● Action item
Every entry below should be repeated exactly; the pictures should not.

● Exercise materials

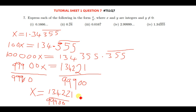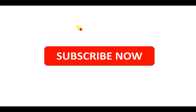We have now expressed all of the given decimals in fraction form. Note that this was just another way of asking us to prove that these numbers are rational, not irrational. Thank you very much for watching. Please subscribe to the channel so you don't miss out on whatever I'll be posting. Shalom.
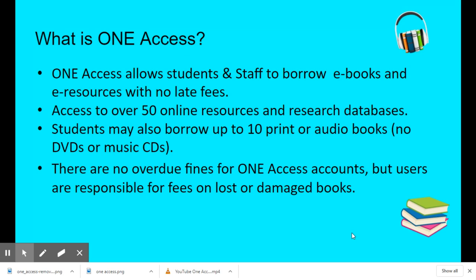There are no overdue fines for One Access accounts, which is a perk versus just having a regular library card, but users are still responsible for fees on lost or damaged books.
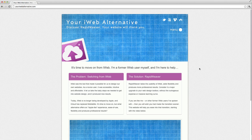In this video, we're going to spend 15 minutes rebuilding the website youriwebalternative.com in RapidWeaver. Because we're doing this quickly, I won't go into great detail like I normally do at rapidweaverclassroom.com, but we'll get a general idea of how powerful and flexible RapidWeaver is, and how it can be used to quickly build great websites.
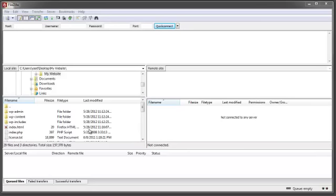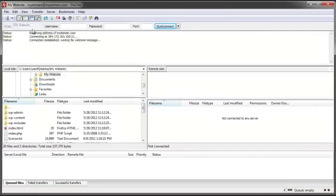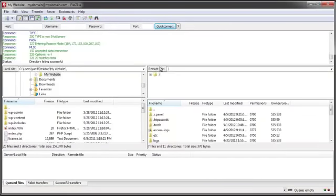On the left hand column you see a representation of all your local files and folders. And when connected to a remote server, on the right hand side you can use FileZilla.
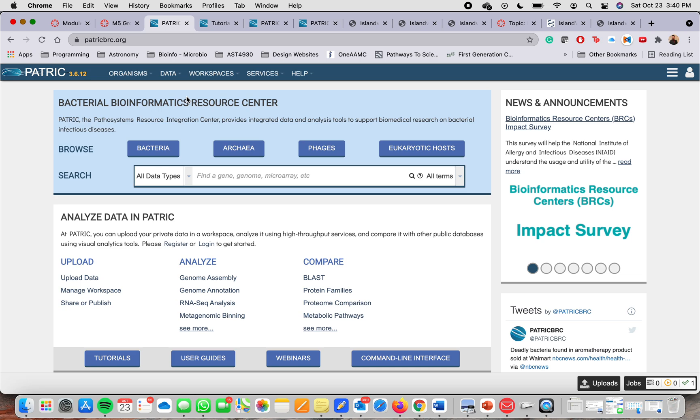The way that it works is that you can upload your own data and then you can compare that data with public data out there, public databases using visual analytic tools.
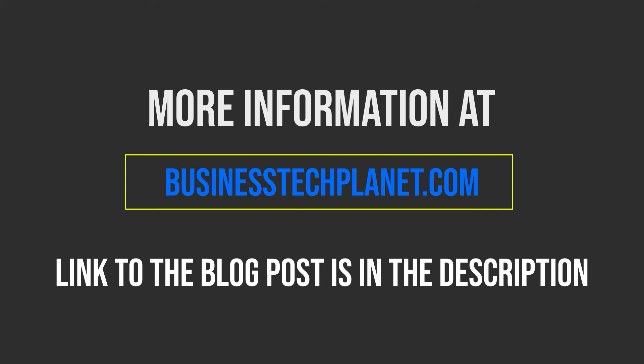For a dedicated blog post on this issue and for a more detailed overview of everything, click the link in the description below.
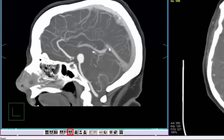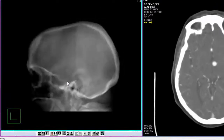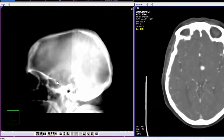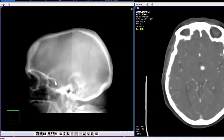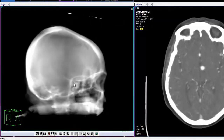This is the RaySum Average Projection icon. Its keyboard shortcut is the letter V. RaySum Average displays the data as an average intensity projection.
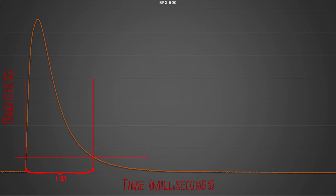T0.1 is the time the flash bulb is lit above 10% brightness at the given power level, and as you can see in this graph it is significantly longer. In fact, T0.1 is typically two to three times longer than T0.5. For a true representation of flash duration in order to freeze movement, T0.1 values need to be used.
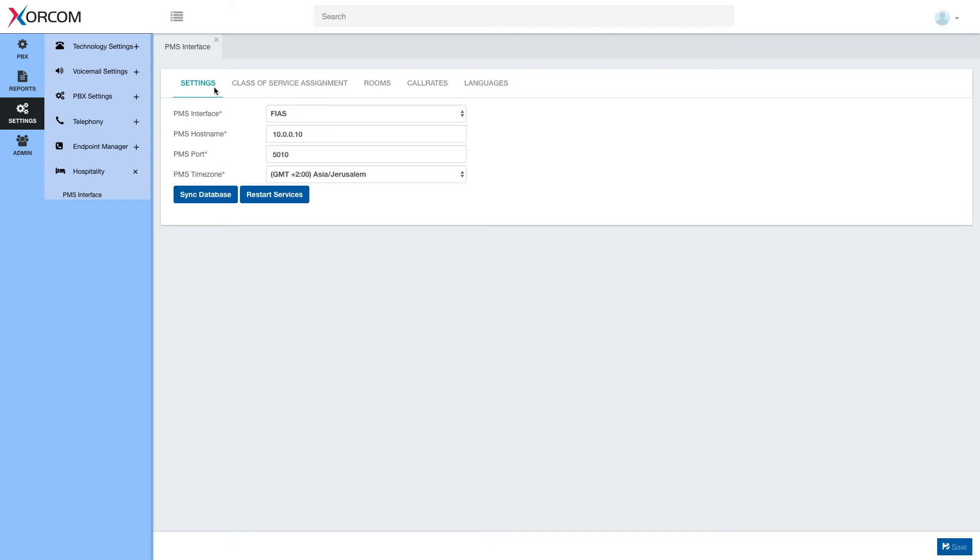The first tab we'll see is the Settings tab, under which we will have to choose which type of PMS interface or protocol we are using, the PMS hostname, basically where it is located on the network, and PMS port.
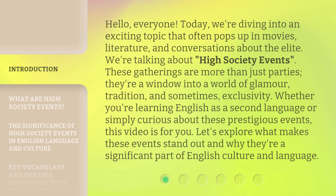These gatherings are more than just parties. They're a window into a world of glamour, tradition, and sometimes exclusivity. Whether you're learning English as a second language or simply curious about these prestigious events, this video is for you. Let's explore what makes these events stand out and why they're a significant part of English culture and language.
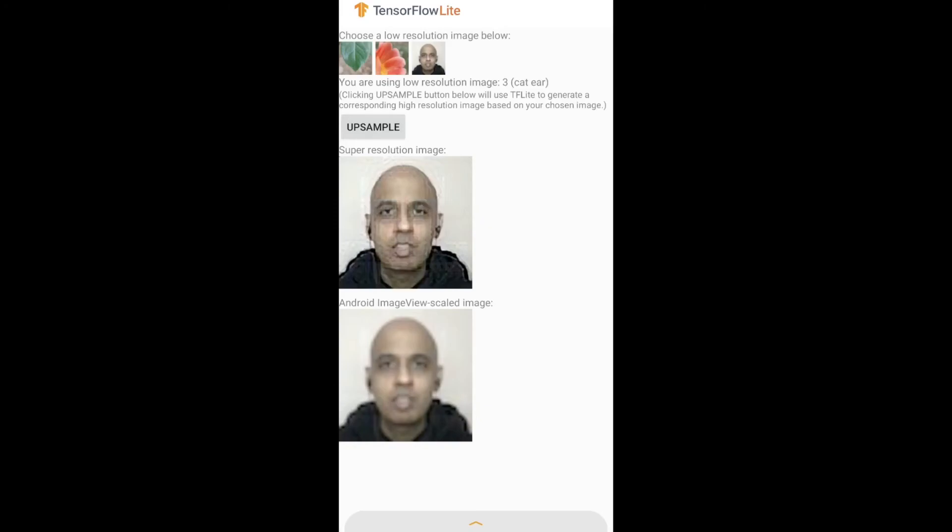I hope in this video you saw how the Super Resolution app works from TensorFlow Lite, and you were able to get it to work on your mobile device as well. In the next video, we'll look at yet another app and see how that works. Until then, please like, share, and subscribe. If you have any comments or suggestions, please let me know in the comment section below. Thank you.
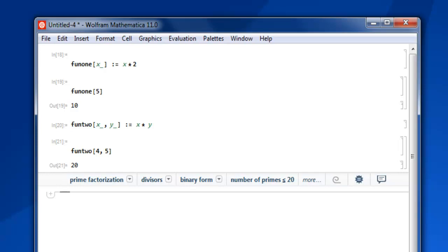So what we have done so far is we created a function with single argument and then passed some value to it to get our answer where it gets multiplied by 2. Then we added one more argument and did multiplication of these two arguments. So you learned how to create a function.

● Task result
We have now expressed all of the given decimals in fraction form. Note that this was just another way of asking us to prove that these numbers are rational, not irrational. Thank you very much for watching. Please subscribe to the channel so you don't miss out on whatever I'll be posting. Shalom.
There are no overdue fines for One Access accounts, which is a perk versus just having a regular library card, but users are still responsible for fees on lost or damaged books.
In this video, we're going to spend 15 minutes rebuilding the website youriwebalternative.com in RapidWeaver. Because we're doing this quickly, I won't go into great detail like I normally do at rapidweaverclassroom.com, but we'll get a general idea of how powerful and flexible RapidWeaver is, and how it can be used to quickly build great websites.
On the left hand column you see a representation of all your local files and folders. And when connected to a remote server, on the right hand side you can use FileZilla.
The way that it works is that you can upload your own data and then you can compare that data with public data out there, public databases using visual analytic tools.
For a dedicated blog post on this issue and for a more detailed overview of everything, click the link in the description below.
This is the RaySum Average Projection icon. Its keyboard shortcut is the letter V. RaySum Average displays the data as an average intensity projection.
T0.1 is the time the flash bulb is lit above 10% brightness at the given power level, and as you can see in this graph it is significantly longer. In fact, T0.1 is typically two to three times longer than T0.5. For a true representation of flash duration in order to freeze movement, T0.1 values need to be used.
The first tab we'll see is the Settings tab, under which we will have to choose which type of PMS interface or protocol we are using, the PMS hostname, basically where it is located on the network, and PMS port.
These gatherings are more than just parties. They're a window into a world of glamour, tradition, and sometimes exclusivity. Whether you're learning English as a second language or simply curious about these prestigious events, this video is for you. Let's explore what makes these events stand out and why they're a significant part of English culture and language.
I hope in this video you saw how the Super Resolution app works from TensorFlow Lite, and you were able to get it to work on your mobile device as well. In the next video, we'll look at yet another app and see how that works. Until then, please like, share, and subscribe. If you have any comments or suggestions, please let me know in the comment section below. Thank you.
So what we have done so far is we created a function with single argument and then passed some value to it to get our answer where it gets multiplied by 2. Then we added one more argument and did multiplication of these two arguments. So you learned how to create a function.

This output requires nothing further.